XVerse:通过DiT调制实现身份与语义属性的多主体一致性控制
XVerse: Consistent Multi-Subject Control of Identity and Semantic Attributes via DiT Modulation
June 26, 2025
作者: Bowen Chen, Mengyi Zhao, Haomiao Sun, Li Chen, Xu Wang, Kang Du, Xinglong Wu
cs.AI
摘要
在文本到图像生成中,实现对主体身份和语义属性(如姿态、风格、光照)的精细控制,尤其是在涉及多个主体时,往往会削弱扩散变换器(DiTs)的可编辑性和连贯性。许多方法会引入伪影或遭遇属性纠缠问题。为应对这些挑战,我们提出了一种新颖的多主体控制生成模型——XVerse。通过将参考图像转化为特定于标记的文本流调制偏移量,XVerse能够在不干扰图像潜在特征或特征的情况下,实现对特定主体的精确且独立控制。因此,XVerse提供了高保真、可编辑的多主体图像合成能力,并具备对个体主体特征和语义属性的强大控制力。这一进展显著提升了个性化和复杂场景生成的能力。
English
Achieving fine-grained control over subject identity and semantic attributes
(pose, style, lighting) in text-to-image generation, particularly for multiple
subjects, often undermines the editability and coherence of Diffusion
Transformers (DiTs). Many approaches introduce artifacts or suffer from
attribute entanglement. To overcome these challenges, we propose a novel
multi-subject controlled generation model XVerse.
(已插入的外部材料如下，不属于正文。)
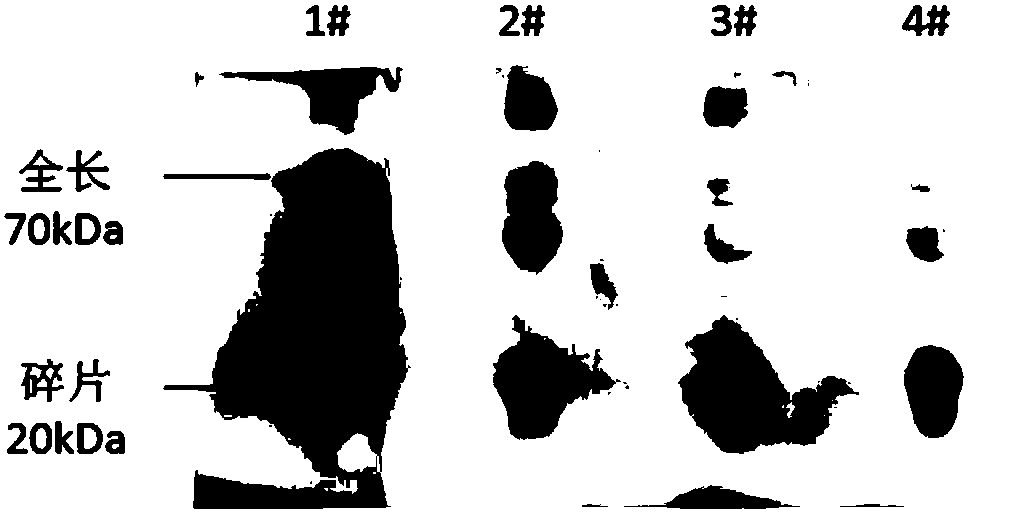 Antibody for detecting blood brain barrier early injury of cerebral arterial thrombosis and application of antibody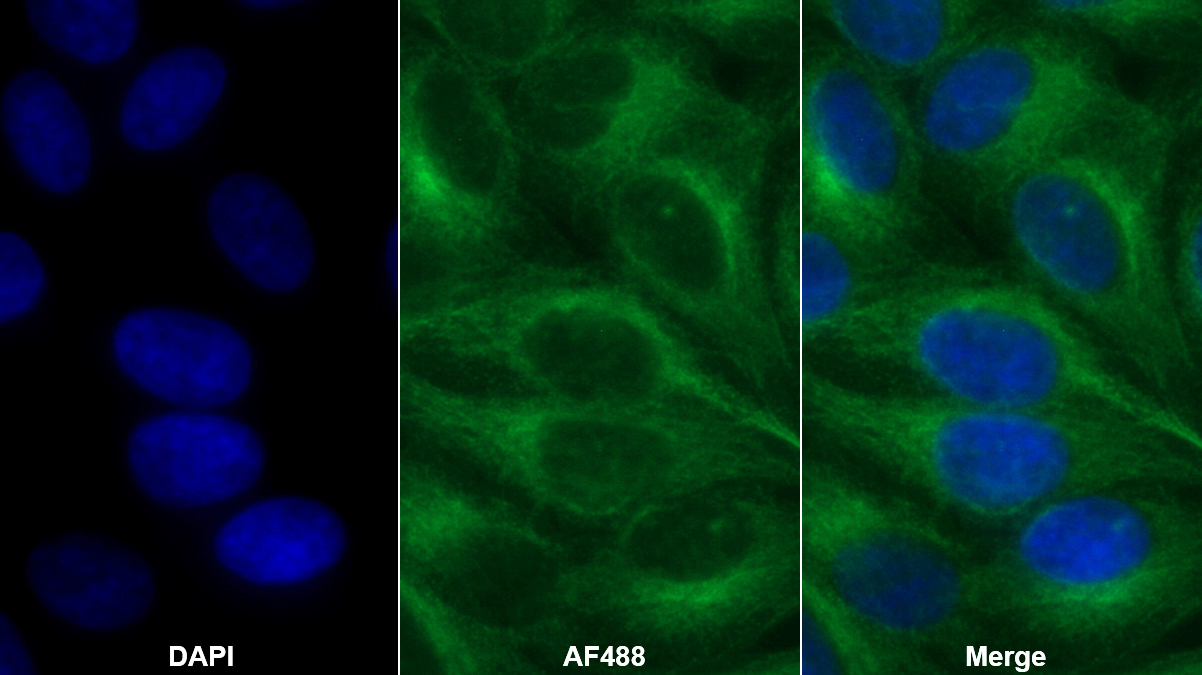 Monoclonal Antibody to Procollagen III N-Terminal Propeptide (PIIINP)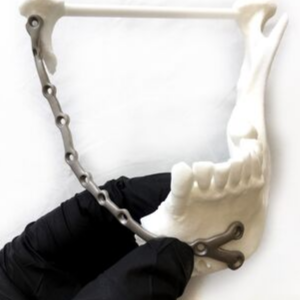 Mandible plate Mandible plate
By transforming reference
images into offsets for token-specific text-stream modulation, XVerse allows
for precise and independent control for specific subject without disrupting
image latents or features. Consequently, XVerse offers high-fidelity, editable
multi-subject image synthesis with robust control over individual subject
characteristics and semantic attributes. This advancement significantly
improves personalized and complex scene generation capabilities.